Friday, December 15, 2017

Artemis by Andy Weir

It’s hard for any writer to follow up a major success, and Book #2 usually doesn’t turn out as well as Book #1. So it was no surprise that Artemis, by Andy Weir, was a bit of a disappointment, but what was surprising was how much of a disappointment it was. Set on the first and only colony on the moon in the not-too-distant future, Weir did create a compelling world where rich tourists come for a once and a lifetime experience in 1/6th gravity (Disney in Space!), but the plot and character development was heavily bogged down. Jazz is a young porter who has spent most of her life on the colony and probably can’t go back to Earth without getting very sick. She’s messed up every opportunity for a good living that has come her way, including trashing her father’s welding business and failing her EVA exam.
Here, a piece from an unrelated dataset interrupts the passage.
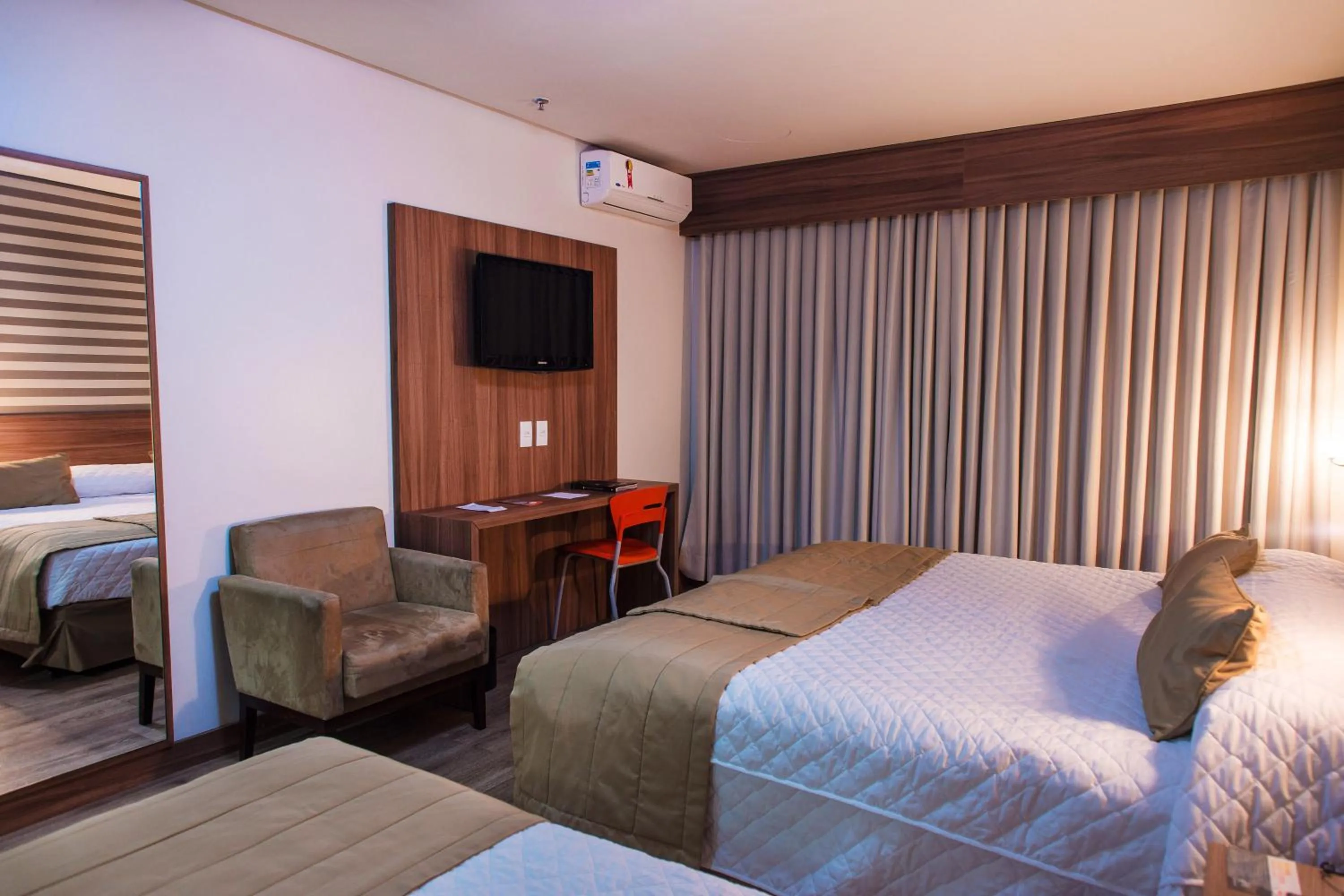 Photo of the whole room, Bed in Hotel Continental Business - 200 metros do Complexo Hospitalar Santa Casa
Life on the Moon is expensive though, so when a lucrative but illegal business proposition comes her way that involves a lot of dangerous stuff, she jumps right in, and of course, bad things then happen.
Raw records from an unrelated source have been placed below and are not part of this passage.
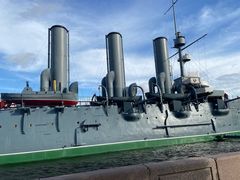 -阿芙乐尔号巡洋舰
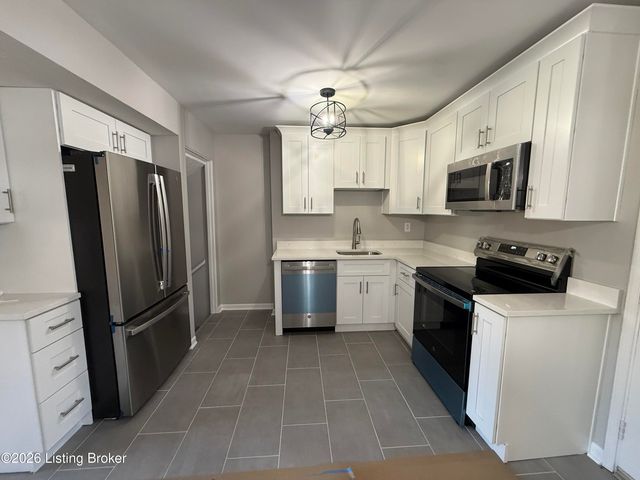 2811 Bexley Ct, Louisville, KY 40206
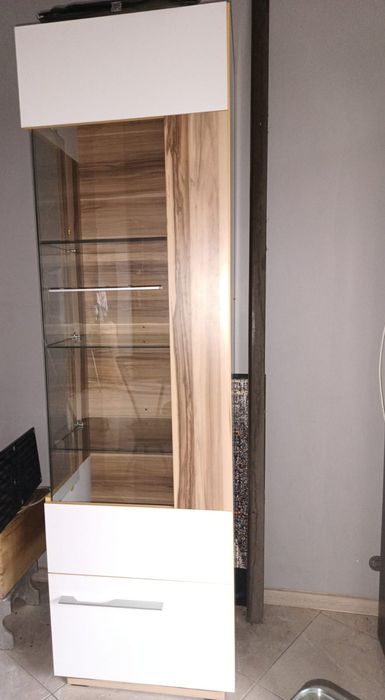 Dwie witryny Monsun z podświetleniem led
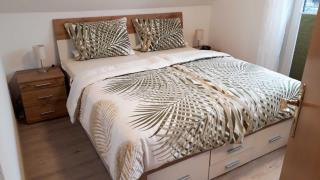 Seepark Burhave Reetdachhaus 1 - 2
In an attempt to re-create The Martian’s strengths (fast-pacing, quirky narration, using SCIENCE to solve problems, and an easy adaptation to the big-screen), we are left with a non-stop run of drama and physics/chemistry 101 with a twenty-something female narrator who thinks and talks exactly like a fifteen-year-old boy. Perhaps Weir wanted to challenge himself as a writer by taking on a female narrator, but it was so off-putting at times. She seems like a sci-fi fantasy projection: beautiful with a gorgeous body, tough-talking, will have sex with almost anyone apparently, and of course, is a genius. Oh, but she does cry in the corner on several occasions, just to remind you that she’s a woman. Hope they make her more realistic in the inevitable movie.